Everyone has a snake story. A snake encounter or sighting. Dead or alive. But no story can be more bizarre than the recent one about a 65-year-old Texas woman, Peggy Jones, who was mowing her yard and a snake fell out of the sky.
The four-foot-long snake wrapped around Ms. Jones’s forearm. She flung her arm; the snake coiled tighter. Then a hawk attacked the snake – its prey that must have fallen from its talons. The snake clung to Ms. Jones’s arm.
The hawk tried to retrieve its meal. Finally, after several attempts, the hawk carried the snake into the sky and Ms. Jones was left with a bloody, bruised arm. Her husband, who was on a riding lawn mower and didn’t see what had happened, took Ms. Jones to the emergency room.
In a New York Times article, Mrs. Jones was quoted: “I consider myself to be the luckiest person alive. I was attacked by a snake and a hawk and I lived to tell about it.”
Surely, no one can top that encounter, but this story makes me think of my snake stories.
About a year ago, I wrote about a small green garter snake hiding inside a pair of work gloves. I put on the gloves while my two children, ages 9 and 11, and I were putting together a trampoline. Garter crawled up my arm. I wasn’t scared, but I was so startled that I screamed a four-letter word that I rarely say. Son and Daughter still remind me of that moment.

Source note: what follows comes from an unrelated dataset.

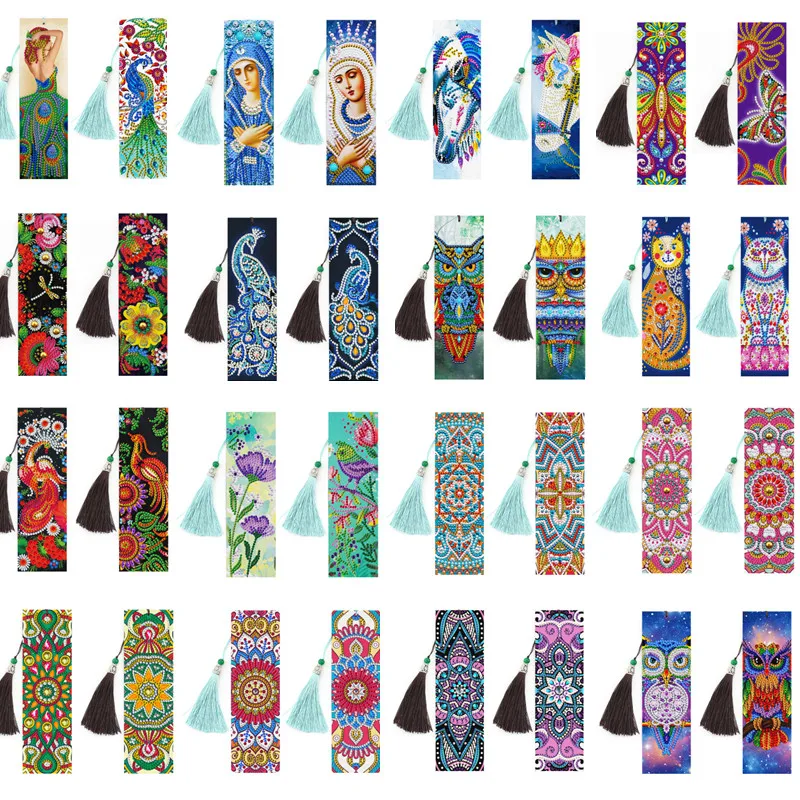 

2PCS/Set DIY Special Shaped Diamond Painting Bookmarks diamond Embroidery Cross Stitch Tassel Bookmark Diamond Mosaic Gift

That wasn’t the first time a little green snake had shocked me. I was about 10-years-old when I was picking green bell peppers and a plant stem moved – right into my hand. I screamed and threw the snake onto the ground, and Dad ran to me.
When he saw that I wasn’t hurt, just scared, both he and I held the squirming snake. Then we carried it away from our family garden and released it into the woods. I remember Dad’s on-the-spot lesson about poisonous and non-poisonous snakes and the value of snakes living around our barn to eat rodents.
During my elementary school teaching years when a snake was presented in a lesson to students, I held it and encouraged students to touch or hold it. But I didn’t want a snake in our home so every time Daughter asked for one for Christmas, she didn’t get it.
Years later, Daughter bought Cosmo, a corn snake, when she taught 5th grade Science. Cosmo was a classroom pet, accustomed to people, and visited students’ homes over weekends. During a Christmas school break, Daughter asked that Cosmo stay in our house while she took a trip and I agreed.
Caring for a snake is simple. I checked on Cosmo regularly, fed him a frozen, then thawed, mouse once a week, and all went well until the day Cosmo wasn’t in his glass house.
A snake story for another column. But know that Cosmo wasn’t carried away by a hawk.